But of course there is conflicting evidence to this historical account. In the 1860s Charles Dickens would hold gatherings with literary peers at the Parker House in Boston. The Parker House was known for their Champagne Cups which were made of bubbly, sugar and lemon. At his parties, Dickens liked to add gin to the Champagne cup. So he was essentially serving the French 75 to his guests.
Turns out that combining gin and Champagne was widely popular with people in the upper class. It was a favorite of Queen Victoria’s son, the Prince of Wales, as well as the king of Hawaii, Kalakaua. The combination of Cognac and Champagne was even more popular and referred to as the “King’s Peg,” The King’s Peg was a staple served across the eastern parts of the British Empire.

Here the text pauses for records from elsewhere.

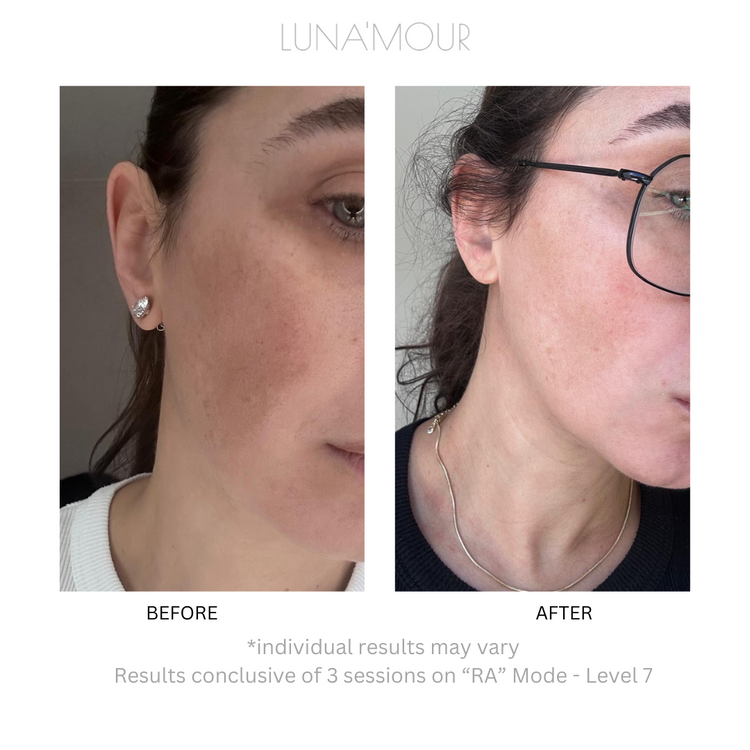 COOL PRO Blemish & Hair Removal System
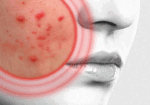 Lichen-planus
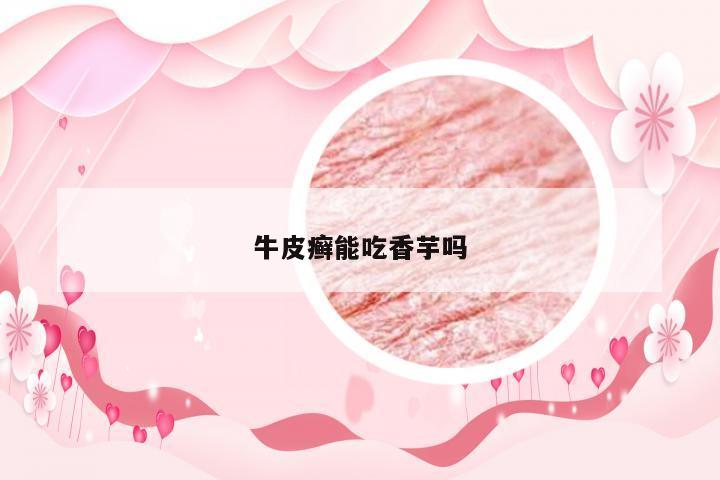 牛皮癣能吃香芋吗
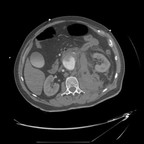 Rupture d'un anévrysme de l'aorte abdominale. TDM Thorax abdomino pelvien Axial Temps artériel Rupture d'un anévrysme de l'aorte abdominale. TDM Thorax abdomino pelvien Axial Temps artériel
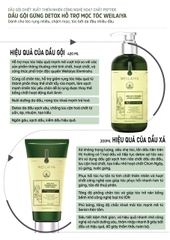 Bộ Dầu Gội Xả Gừng Hỗ Trợ Mọc Tóc Detox Da Đầu 420ml + 200ml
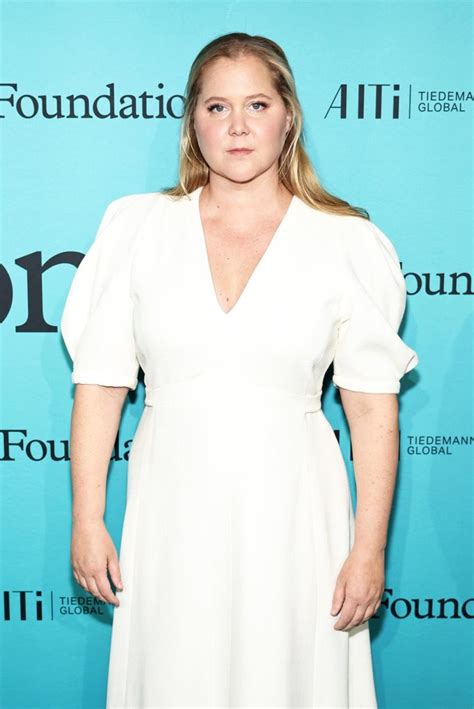 Amy Schumer Says Puffy Face Comments Led To Cushing Syndrome Diagnosis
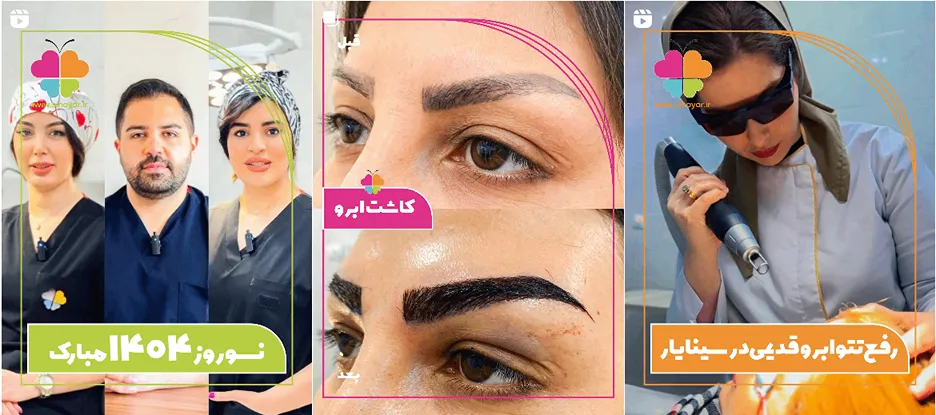 لیزر در اصفهان در کلینیک سینایار کاملا قابل انجام است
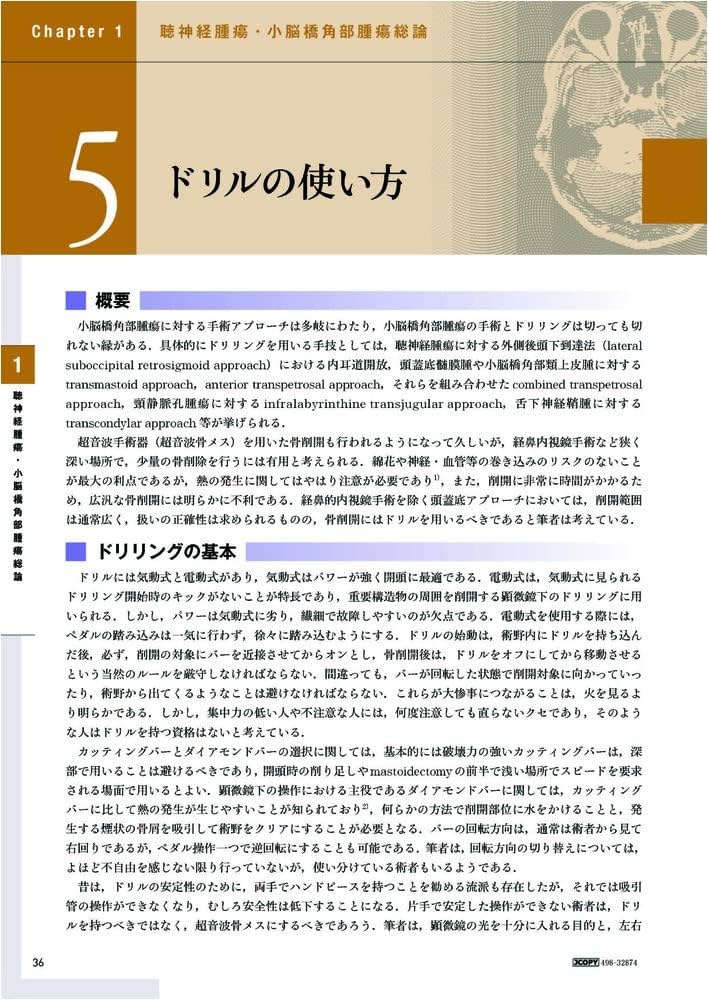 聴神経腫瘍・小脳橋角部腫瘍の手術とマネージメント | 河野 道宏 |本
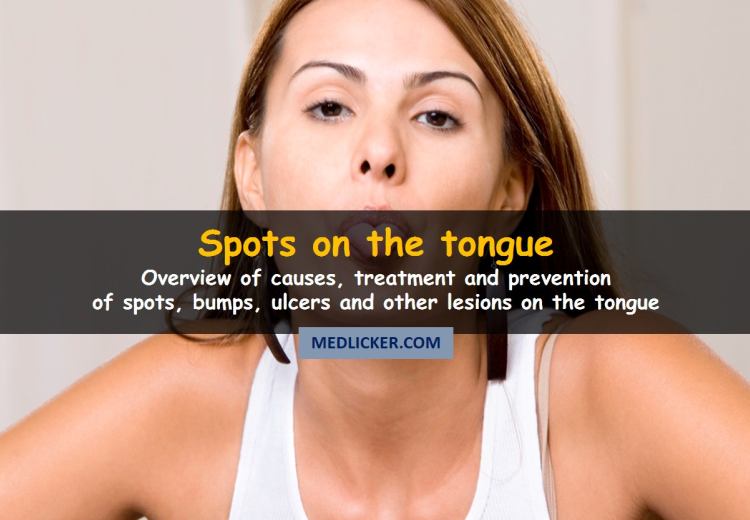 Why You Get Spots On Tongue And How To Get Rid Of Them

In short, the odds are that whoever invented the French 75 didn’t really invent anything at all. They simply gave it a name. But as with most things, the name is everything.
People were drinking spirits with sugar and bitters for a century before someone yoked that cheerful word “cocktail” to the amalgam and in doing so made it an American cultural institution.
David Wondrich
So the combination of gin, Champagne, lemon and sugar finally received a proper name; the French 75. Named after the French cannon that was crucial in the Allied Powers victory in WW1, this cocktail has been referred to as the “most powerful drink in the world”.
In short you could read this history and say to yourself “there is nothing new under the sun”. And you would fundamentally be correct. When something is new it is rarely born out of nothing. The French 75 is a prime example. It is a concise version of a very old concoction that people have enjoyed for nearly two centuries. If it ain’t broke, just tweak it.